Lo que el discurso presidencial nos dice sobre el racismo


Es la primera vez que leo el discurso de Fiestas Patrias de un presidente de la república.  

Crecí sin que me interesara la política. Como adolescente ya percibía al ámbito político con cinismo, gracias a la corrupción y el elitismo: era un asunto reservado para unos pocos y el chance de corromperse al entrar a él era alto. No recuerdo a alguien enseñándome esto explícitamente, de las conversaciones con personas de mi edad, recuerdo que eran premisas ampliamente aceptadas. Hoy, esas personas y yo compartimos percepciones sobre nuestro nuevo presidente y discutimos el futuro político.

Podemos atribuir este nuevo interés a la celebración del Bicentenario o a la polarización reciente. Puede ser también una cuestión de edad: nacimos a inicios de los noventa y ahora compartimos la treintena. Recordamos los diarios chicha y la televisión basura en su pico. En noviembre del año pasado se difundió mucho la etiqueta “generación del Bicentenario”. ¿Se trata de nosotras y nosotros? ¿O de la generación más joven, y representada por Inti Sotelo y Brian Pintado? Aunque la división por generaciones contribuye a entender los cambios en retrospectiva, mi historia personal con la política tiene un detalle adicional. 

Es cierto que en la adolescencia la “política” me generaba apatía. Irónicamente, a los doce años inicié también mis acciones colectivas. Junto a otros jóvenes —la mayoría sobre los veinte años—, compartimos la meta de sumar esfuerzos contra el racismo y la discriminación racial en nuestra sociedad. Comenzamos formándonos en identidad, historia y liderazgo de la mano de mujeres y hombres experimentados en el activismo y la academia. A partir de eso, nuestras acciones huían de la política tradicional para enfocarse en los aspectos de visibilización y revalorización de nuestras comunidades. Con el tiempo aprendí que esas eran también acciones políticas. Creo que a lo que temíamos entonces era a la política partidaria, o aquella que tiene como propósito conseguir puestos por elección popular. 

La reciente campaña electoral nos ha mostrado que ese es un espacio al cual aún es válido temerle. La pregunta debería ser hasta cuándo.

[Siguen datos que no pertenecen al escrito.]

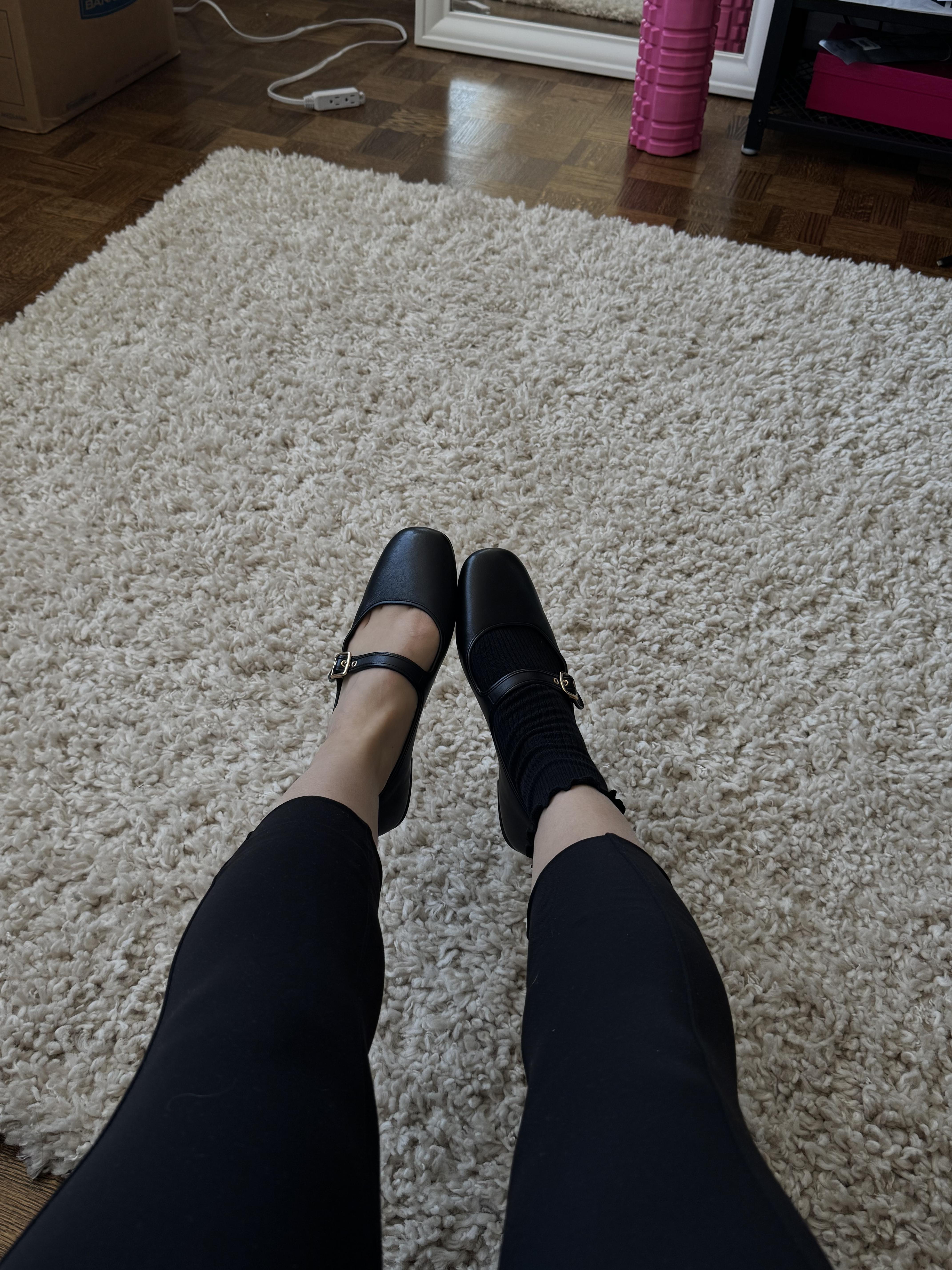 C Rivet Mary Jane | Other Shoes | Coach | COACH®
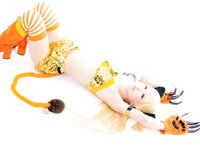 [Cosplay] Kurasaka Kururu 倉坂くるる - Rika Jougasaki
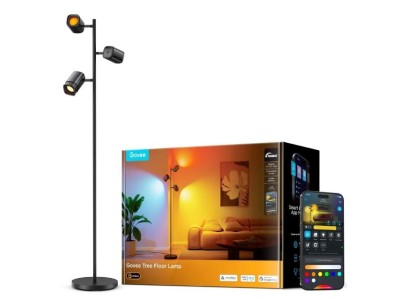 Govee Tree RGBWW Floor Lamp H60B2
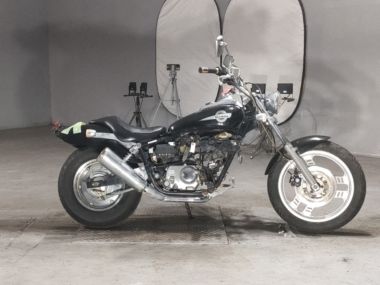Honda Magna 50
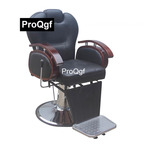 100usd Prodgf 1Pcs A Set ins Amazing Your Barber Shop Salon Chair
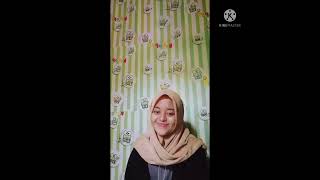 juara 1 Sollawat Nabi pringatan isromi'raj SMAN 28 Garut 20222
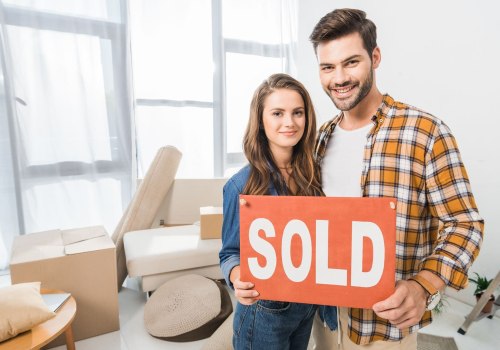 How to sell a house in a buyers market?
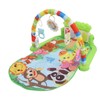 Baby Kick Play Piano Soft Skin Friendly Educational Removable Infant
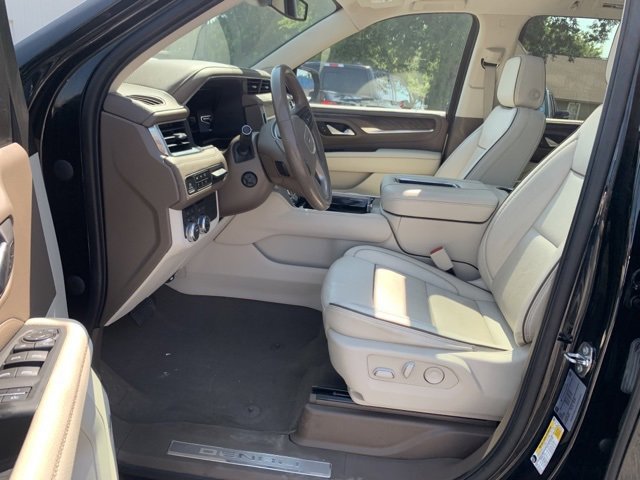 Used 2023 GMC Yukon Denali image 24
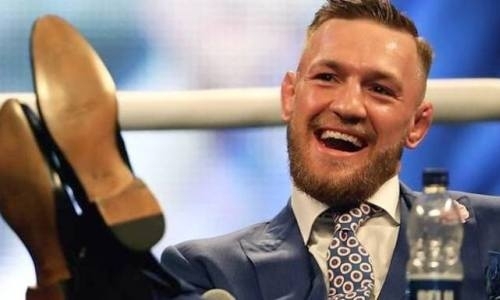 Макгрегор поставил UFC жесткий ультиматум после поражения Нурмагомедову на «нефартовой» арене Головкина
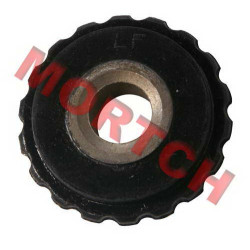 C100 Cam Chain Tensioner Roller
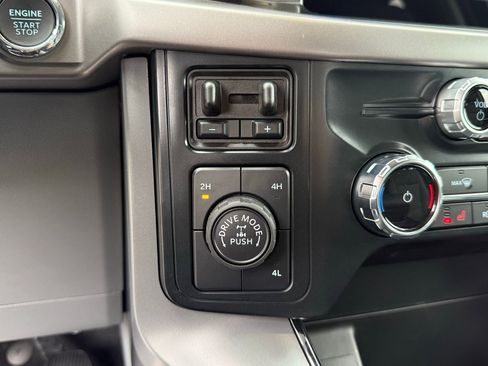 Used 2024 Ford F150 XLT w/ Equipment Group 302A MID image 53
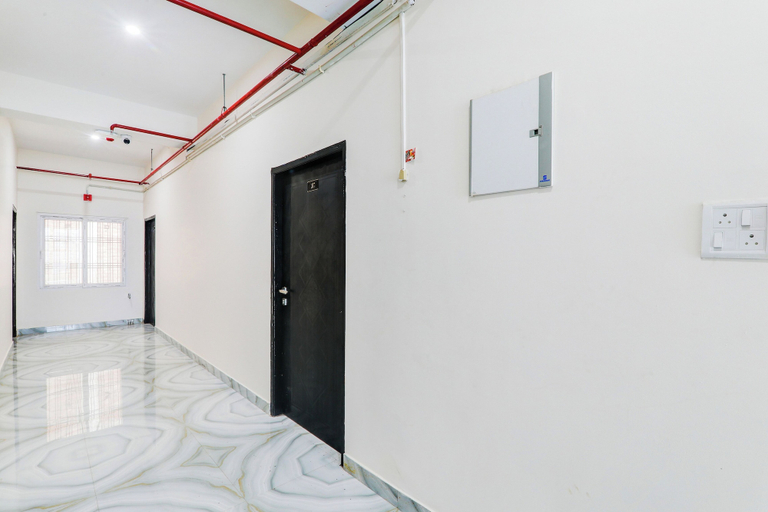 Interior 3, Super OYO Collection O Chitaipur IIT BHU, Varanasi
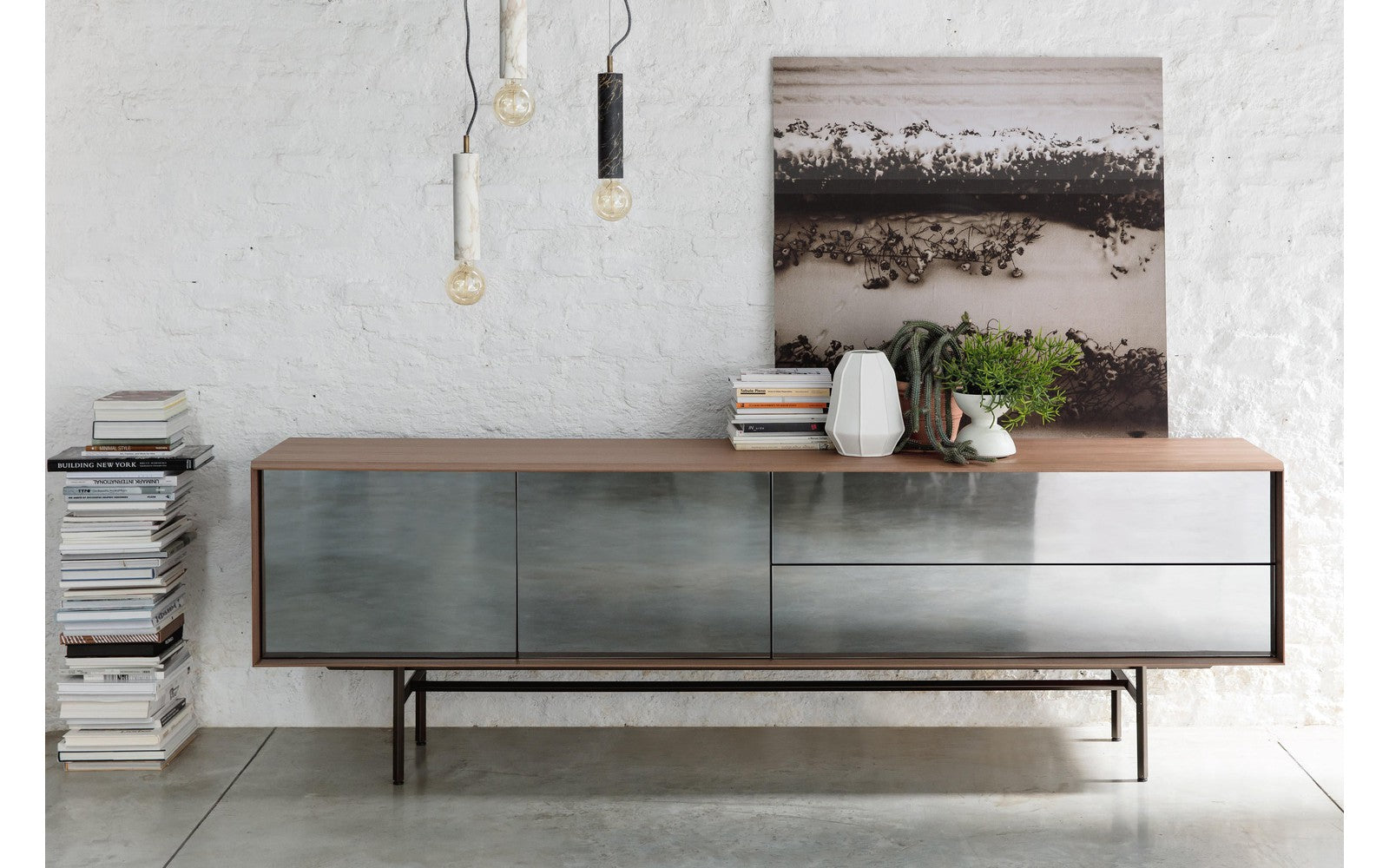 Harald Sideboard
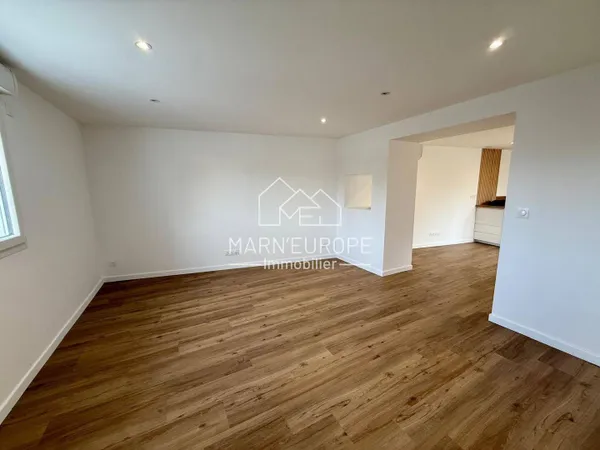 Maison 5 pièces 105 m² 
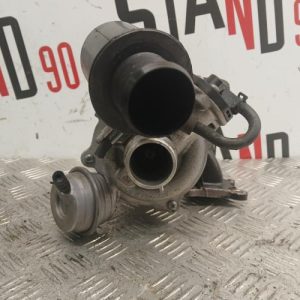 FORD ECOSPORT PHASE 3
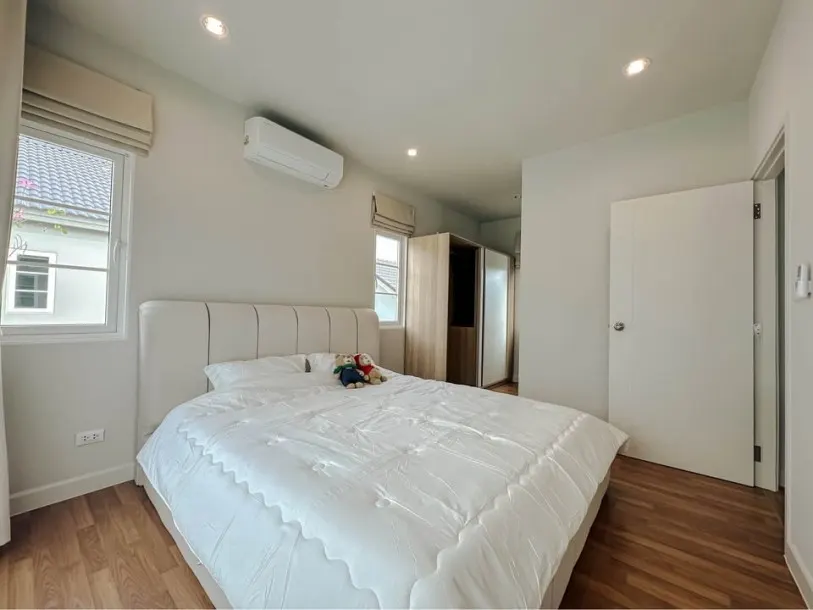 Spacious 4-Bedroom House for Rent in Anasiri Paklok - Fully Furnished &amp; Prime Location 4
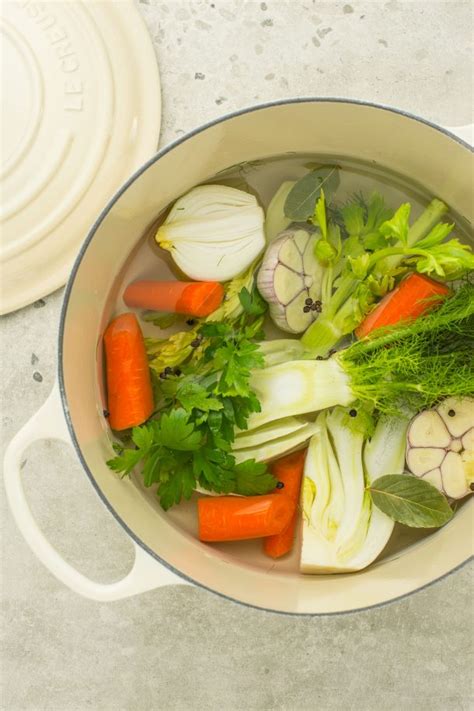 Recette Soupe Au Panais Et Gingembre Jos E Di Stasio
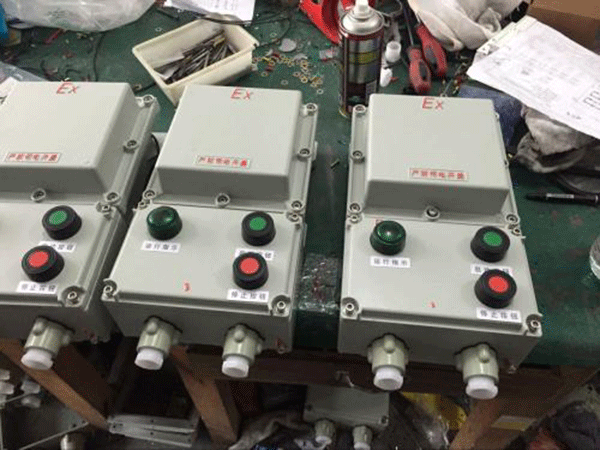 YRKK高壓電機的安全保護(hù)分為多少種？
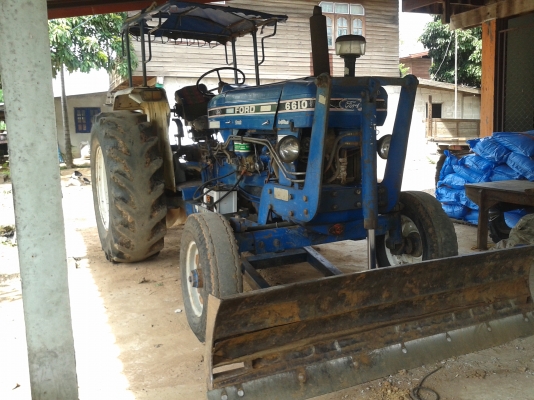 ขาย6600T3 พร้อมอุปกรณ์ดันหน้า หางไถ รถพร้อมใช้สุดๆ ราคาคุยกันได้ ขาย6600T3 พร้อมอุปกรณ์ดันหน้า หางไถ รถพร้อมใช้สุดๆ ราคาคุยกันได้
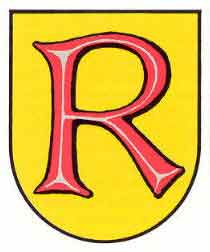 Wappen Ramsen in der Pfalz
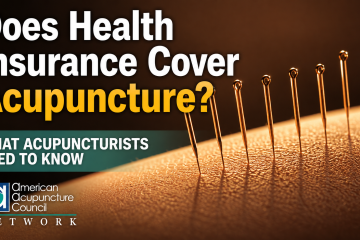 Does health insurance cover acupuncture?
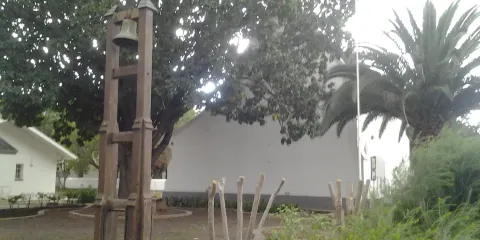 St Mary's Anglican Church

Elegir y ser elegidos son dos derechos en el corazón del sistema democrático. 

Junto al miedo y cinismo generalizados, he sentido una profunda desesperanza sobre las posibilidades de trabajar desde la política un problema tan político como el racismo. Pero esto es algo que ha cambiado drásticamente este año. Si hay un resultado relativamente positivo de la polarización es haber dejado al descubierto cuán política es la división racial en el país. Luego de muchos años tratando al racismo como un problema meramente social —cuandose aceptaba su existencia—, ahora su nexo es innegable.

Cuando el nuevo presidente Pedro Castillo mencionó a los afroperuanos en su discurso minutos después de ser proclamado oficialmente electo, percibí lo más cercano a la inclusión y visibilización en el discurso oficial que recuerdo. No es que antes no se nos haya mencionado, pero por primera vez íbamos de primeros en la fila, mencionados en el día cero de la transición. Acudí a leer su primer discurso presidencial con escepticismo de ver si también estaríamos incluidos esta vez. Y así fue. 

Ahora, esta mención no es suficiente, ni es todo. Sin embargo, junto a los siglos de invisibilidad, es significativa. Incluso, es esperanzador oír en un 28 de Julio sobre las castas y diferencias instauradas en el virreinato y que persisten hasta hoy. El problema del Perú no solo es un problema de ricos y pobres, sino también de la racialización de la pobreza. Reconocer explícitamente la existencia de un régimen racial nos acerca al compromiso político de erradicar el problema. ¿Cuál será el siguiente paso?